In conclusion, our study suggests that PPAR-γ may be involved in gastric carcinogenesis, and that 15d-PGJ₂ may inhibit the growth of human gastric carcinoma MGC803 cells by inducing apoptosis and G₁/G₀ arrest, with the involvement of survivin, Skp2 and p27, but via a PPAR-γ-independent pathway.

COMMENTS

Background

Many efforts have been made to search for therapeutic targets and drugs capable of preventing and treating gastric carcinoma and other malignancies. Peroxisome proliferator-activated receptors (PPARs) are nuclear hormone receptors, initially described as molecular targets for compounds, which induce peroxisomal proliferation.

Research frontiers

Three different isotypes of PPARs have been identified in various species, being the products of distinct genes and generally designated as PPAR-α, PPAR-β/δ, and PPAR-γ. PPAR-γ is one that has been extensively studied. As with other members of the nuclear receptor gene family, PPAR-γ is an agonist-activated transcription factor. PPAR-γ heterodimerizes with retinoid X receptor to binding to the PPAR response element, leading to the transcription of downstream genes.
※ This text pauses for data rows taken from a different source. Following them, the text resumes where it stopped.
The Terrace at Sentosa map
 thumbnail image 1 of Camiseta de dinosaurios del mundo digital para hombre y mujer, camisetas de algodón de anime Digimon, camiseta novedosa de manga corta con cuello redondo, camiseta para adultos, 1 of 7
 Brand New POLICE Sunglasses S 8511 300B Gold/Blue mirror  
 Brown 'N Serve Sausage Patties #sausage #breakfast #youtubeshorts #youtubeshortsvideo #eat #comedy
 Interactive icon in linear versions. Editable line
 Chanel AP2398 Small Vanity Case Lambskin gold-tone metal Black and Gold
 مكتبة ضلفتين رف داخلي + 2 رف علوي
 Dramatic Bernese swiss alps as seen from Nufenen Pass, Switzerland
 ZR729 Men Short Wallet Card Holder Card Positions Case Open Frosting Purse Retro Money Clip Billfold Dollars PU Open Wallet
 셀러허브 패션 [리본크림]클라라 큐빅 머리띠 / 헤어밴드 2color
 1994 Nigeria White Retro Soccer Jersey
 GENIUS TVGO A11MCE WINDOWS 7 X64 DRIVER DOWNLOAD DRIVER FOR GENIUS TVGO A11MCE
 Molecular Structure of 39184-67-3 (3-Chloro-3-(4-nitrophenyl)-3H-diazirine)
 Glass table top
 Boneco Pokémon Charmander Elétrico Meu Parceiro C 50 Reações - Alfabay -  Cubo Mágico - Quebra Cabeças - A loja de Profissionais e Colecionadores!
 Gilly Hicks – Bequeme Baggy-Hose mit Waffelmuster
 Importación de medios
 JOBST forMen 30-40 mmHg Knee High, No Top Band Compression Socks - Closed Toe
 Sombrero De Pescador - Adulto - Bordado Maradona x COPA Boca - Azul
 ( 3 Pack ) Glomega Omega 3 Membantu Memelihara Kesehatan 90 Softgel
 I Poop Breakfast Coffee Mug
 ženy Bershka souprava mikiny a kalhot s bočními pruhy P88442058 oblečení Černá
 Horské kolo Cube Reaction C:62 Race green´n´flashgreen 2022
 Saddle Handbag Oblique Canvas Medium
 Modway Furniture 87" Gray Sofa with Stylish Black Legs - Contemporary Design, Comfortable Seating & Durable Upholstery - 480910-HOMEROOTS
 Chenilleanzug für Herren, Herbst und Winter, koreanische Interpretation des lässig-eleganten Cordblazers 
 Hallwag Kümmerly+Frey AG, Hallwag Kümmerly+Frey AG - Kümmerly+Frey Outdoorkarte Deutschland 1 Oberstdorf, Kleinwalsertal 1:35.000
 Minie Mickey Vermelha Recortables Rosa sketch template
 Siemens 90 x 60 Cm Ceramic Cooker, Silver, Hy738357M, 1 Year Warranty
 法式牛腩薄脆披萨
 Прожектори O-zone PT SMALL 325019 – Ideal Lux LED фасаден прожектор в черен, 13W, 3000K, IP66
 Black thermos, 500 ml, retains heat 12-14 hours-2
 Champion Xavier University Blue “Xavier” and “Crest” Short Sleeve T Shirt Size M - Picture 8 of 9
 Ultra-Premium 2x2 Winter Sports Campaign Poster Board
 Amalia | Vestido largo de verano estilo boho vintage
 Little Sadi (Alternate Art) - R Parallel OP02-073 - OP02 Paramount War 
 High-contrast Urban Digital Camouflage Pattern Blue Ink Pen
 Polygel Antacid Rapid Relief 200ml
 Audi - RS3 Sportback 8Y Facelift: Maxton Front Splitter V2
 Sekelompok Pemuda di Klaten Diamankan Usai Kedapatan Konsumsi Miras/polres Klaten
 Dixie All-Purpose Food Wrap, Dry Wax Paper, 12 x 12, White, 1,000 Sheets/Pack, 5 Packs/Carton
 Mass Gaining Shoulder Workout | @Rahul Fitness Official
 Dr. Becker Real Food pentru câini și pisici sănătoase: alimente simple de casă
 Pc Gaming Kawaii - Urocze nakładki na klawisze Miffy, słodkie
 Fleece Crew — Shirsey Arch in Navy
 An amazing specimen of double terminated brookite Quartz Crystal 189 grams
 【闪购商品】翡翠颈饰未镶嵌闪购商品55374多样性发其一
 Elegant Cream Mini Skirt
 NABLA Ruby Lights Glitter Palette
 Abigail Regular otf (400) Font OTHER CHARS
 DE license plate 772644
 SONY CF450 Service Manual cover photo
Innovations and breakthroughs

Several specific agonists have been found, such as the thiazolidinediones (including pioglitazone, rosiglitazone, and troglitazone), 15-deoxy-Δ12,14-prostaglandin-J₂ (15d-PGJ₂), and certain polyunsaturated fatty acids. GW9662 has been shown to be a selective and irreversible antagonist of PPAR-γ, and irreversibly binds within the agonist binding domain through covalent modification of a cysteine residue.

Applications

By understanding how PPAR-γ affects the growth of cells, this study may represent a future strategy for therapeutic intervention in the treatment of patients with gastric carcinoma.

Terminology

PPAR-γ receptors are nuclear hormone receptors, which induce peroxisomal proliferation. 15d-PGJ₂ is a specific agonist. Peroxisomal proliferation is thought to be crucial in gastric carcinoma.

Peer review

PPAR-γ receptors are nuclear hormone receptors. The authors examined whether PPAR-γ may affect gastric carcinogenesis, and 15d-PGJ₂ may inhibit the growth of MGC803 cells by inducing apoptosis and G₁/G₀ arrest, but through a PPAR-γ-independent pathway. The result may be useful in treatment of gastric carcinoma.